Números não oficiais situam em torno de um milhão a quantidade de soldados e paramilitares enviados para o Estado da Caxemira, embora o governo afirme que a quantidade real “é muito menor”. O exército e os paramilitares estabeleceram acampamentos nas áreas de floresta. “Atualmente há cerca de 671 acampamentos militares na Caxemira, que ocupam mais de 36.420 hectares de território”, segundo o defensor de direitos humanos Gautam Navlakha. Após um acordo de cessar-fogo com o Paquistão em 2003, a Índia ergueu uma barreira que patrulha ao longo da linha de controle, de 742 quilômetros de comprimento.
Nova Délhi acusa o Paquistão de treinar rebeldes da Caxemira de seu lado da linha de controle, bem como de enviá-los para a Índia. “A barreira pode ter impedido que os guerrilheiros cruzassem para este lado da linha, mas teve um impacto sobre o habitat natural dos animais selvagens”, afirmou o funcionário florestal. “Há vários outros fatores que também são responsáveis pelo problema, com redução do habitat animal devido à expansão da população humana, atividades pecuárias e de desenvolvimento, modificações no padrão de uso da terra, mudança climática, e urbanização”, disse o guarda florestal Abdul Rouf Zargar.
Segundo Zargar, os animais selvagens ameaçados incluem o urso negro asiático, o leopardo comum e os macacos rhesus e langur. A Caxemira é lar de várias espécies ameaçadas no mundo, como o veado vermelho da Caxemira, chamado de hangul, e o leopardo nevado, também chamado de onça. Os hangules foram no passado uma importante atração nas florestas rodeadas por montanhas de Dachigam, perto de Srinagar, capital de verão da Caxemira. O hangul é a única subespécie sobrevivente da família dos cervos vermelhos no mundo. Este ano, após sua população cair para 150 exemplares, o departamento da natureza iniciou um programa de reprodução em cativeiro para salvá-lo da extinção.

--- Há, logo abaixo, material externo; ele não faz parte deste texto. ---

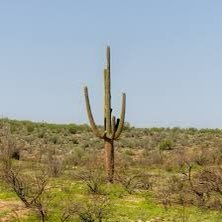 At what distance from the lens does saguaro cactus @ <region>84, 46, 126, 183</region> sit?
23125mm

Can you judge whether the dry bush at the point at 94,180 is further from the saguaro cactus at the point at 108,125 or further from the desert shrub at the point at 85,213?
the desert shrub at the point at 85,213

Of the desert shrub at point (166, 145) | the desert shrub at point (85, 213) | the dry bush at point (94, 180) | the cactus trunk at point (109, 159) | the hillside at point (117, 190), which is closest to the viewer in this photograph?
the desert shrub at point (85, 213)

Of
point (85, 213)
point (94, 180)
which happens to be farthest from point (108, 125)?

Os esforços para salvar o leopardo nevado, listado como ameaçado na relação da União Internacional para a Conservação da Natureza (UICN), inclui ajudar os criadores de ovelhas e cabras a construir melhores barricadas e abrigos para seus animais. Embora o leopardo nevado raramente ataque humanos, seus hábitos predatórios os levam para abrigos de animais de criação, entrando através de ventilações ou portas e janelas quebradas, onde frequentemente ficam presos e morrem. As autoridades aconselham os cidadãos a enfrentarem o problema e lhe indicou várias pautas a serem seguidas.
“Não podemos frear por completo estes incidentes, mas nos esforçamos para minimizá-los”, disse Inayati. “Adotamos várias medidas, como a formação de comitês de coordenação, um plano exaustivo para atender o problema e estudos de pesquisa”, afirmou. O departamento da natureza lançou um programa de estudo sobre o urso negro asiático que inclui uso do habitat, natureza reprodutiva e comportamento.
“Fixamos colares de rádio aos ursos e rastreamos seus movimentos”, disse Intisar Suhail, guarda florestal no centro da Caxemira. “Capturamos um agressivo há uns dois meses e o mantivemos semi-cativo no Parque Nacional Dachigam, e o libertamos para estudar seu padrão de comportamento usando o colar de rádio e, em seguida, o recapturamos quando começou a atacar humanos novamente”, disse Suhail à IPS. “Agora o submeteremos à “técnica de aversão”, pela qual os animais são submetidos e estímulos desagradáveis a fim de evitar as populações humanas e para que permaneçam nas áreas florestadas”, explicou.